We use a Nao humanoid robot simulated in RoboCup 3D simulation environment which is based on SimSparkFootnote 5: a generic physical multiagent system simulator. The robot has 22 degrees of freedom, six in each leg, four in each arm, and two in the neck. We use CREPS-CMA to train a simulated NAO robot by optimising the kick controller explained in Sect. 2 using both linear policies, i.e., \(\varphi ( {\varvec{s}} ^{[i]}) = [1\quad {\varvec{s}} ^{[i]}]\) and a RBF based non-linear policy. The desired kick distance s varies from 2.5 m to 12.5 m. For the non-linear policy, we choose \(K=15\) normalized RBFs and \(\sigma ^2\) is set to 0.5. Both K and the \(\sigma ^2\) parameters were chosen by trial and error to maximize the results accuracy. Figure 4 shows the setup of the used RBFs over the context range.

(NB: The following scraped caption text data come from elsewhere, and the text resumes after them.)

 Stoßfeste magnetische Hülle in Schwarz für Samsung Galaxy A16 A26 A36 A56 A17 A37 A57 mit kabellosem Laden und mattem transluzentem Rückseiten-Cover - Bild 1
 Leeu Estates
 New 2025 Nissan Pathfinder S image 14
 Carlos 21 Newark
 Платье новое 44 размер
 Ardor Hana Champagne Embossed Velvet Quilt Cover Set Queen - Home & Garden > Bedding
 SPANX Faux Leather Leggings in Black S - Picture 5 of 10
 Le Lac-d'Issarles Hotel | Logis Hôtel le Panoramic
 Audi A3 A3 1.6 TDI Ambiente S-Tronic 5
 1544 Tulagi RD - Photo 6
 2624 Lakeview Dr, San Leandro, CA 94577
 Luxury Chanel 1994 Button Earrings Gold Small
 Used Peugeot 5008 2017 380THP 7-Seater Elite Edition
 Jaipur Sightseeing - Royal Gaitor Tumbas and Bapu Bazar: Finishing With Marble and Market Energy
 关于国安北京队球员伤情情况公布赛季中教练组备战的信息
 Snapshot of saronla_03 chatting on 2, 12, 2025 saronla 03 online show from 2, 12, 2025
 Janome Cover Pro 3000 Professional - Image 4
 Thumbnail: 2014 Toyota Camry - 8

We maximize a context dependent objective function

$$\begin{aligned} R(s,\theta ) = -(x-s)^2-y^2, \end{aligned}$$

where s is the desired kick distance, and x and y are the ball distances travelled along the x- and y-axes using the kick controller with the given parameter set \(\theta \). We initialize the search distribution \(\pi \) with a hand tuned kick policy, which was able to kick the ball over 15 m. We optimized the kick with 1000 iterations. Each iteration generates 20 new samples where the contexts were sampled uniformly. Each sample was evaluated 5 times, and was averaged to smooth out the noisy returns. In order to simulate competition conditions, for evaluating each sample, we placed the robot in 5 different positions around the ball and it had to perceive the ball, move towards it, position itself in place and then kick it towards the target goal using the kick controller. We compared the performance of the linear policy with non-linear one. Figure 6 shows that the non-linear policy clearly outperforms the linear one and the accuracy of the non-linear policy is considerable.Footnote 6 The average error of the linear policy was \(0.82 \pm 0.10\,\text {m}\) while we achieved an average error of \(0.34 \pm 0.11\,\text {m}\) using the non-linear policy. As expected, using a non-linear policy improves the accuracy of the results with order of magnitude. In fact, the average error is more than halved. This also demonstrates the non-linearity nature of robotic tasks such as kick task and the usefulness of using RBF functions to capture this non-linearity. Figure 5 shows the learned linear and non-linear policies for generalizing the 25 parameter kick controller for different kick distances. We can see that the learned linear policy is a linear approximation of its corresponding non-linear policy.

Fig. 6.
figure 6

The performance of the learned linear (blue) and non-linear (red) policies. The x-axis represents the desired kick distance, in meters, while the y-axis represents the error with respect to desired kick distance, also in meters. (Color figure online)

4 Conclusion

We used a recently proposed contextual policy search algorithm to generalize a robot kick controller for different desired kick distances, where a context is described by a real-valued vector of distances. We have modified the algorithm, naming it CREPS-CMA. Using CREPS-CMA, we have successfully learned linear and non-linear policies over the context of kick distances. The non-linear policy outperforms its linear counterpart, and allows a humanoid robot to kick a ball with flexible distances and with satisfactory accuracy results, which could leads to a better control and coordination in a robotic soccer match. In this research, we also demonstrated the non-linearity of a kick task. In future we will use more complex kick controllers such as dynamic motor primitives.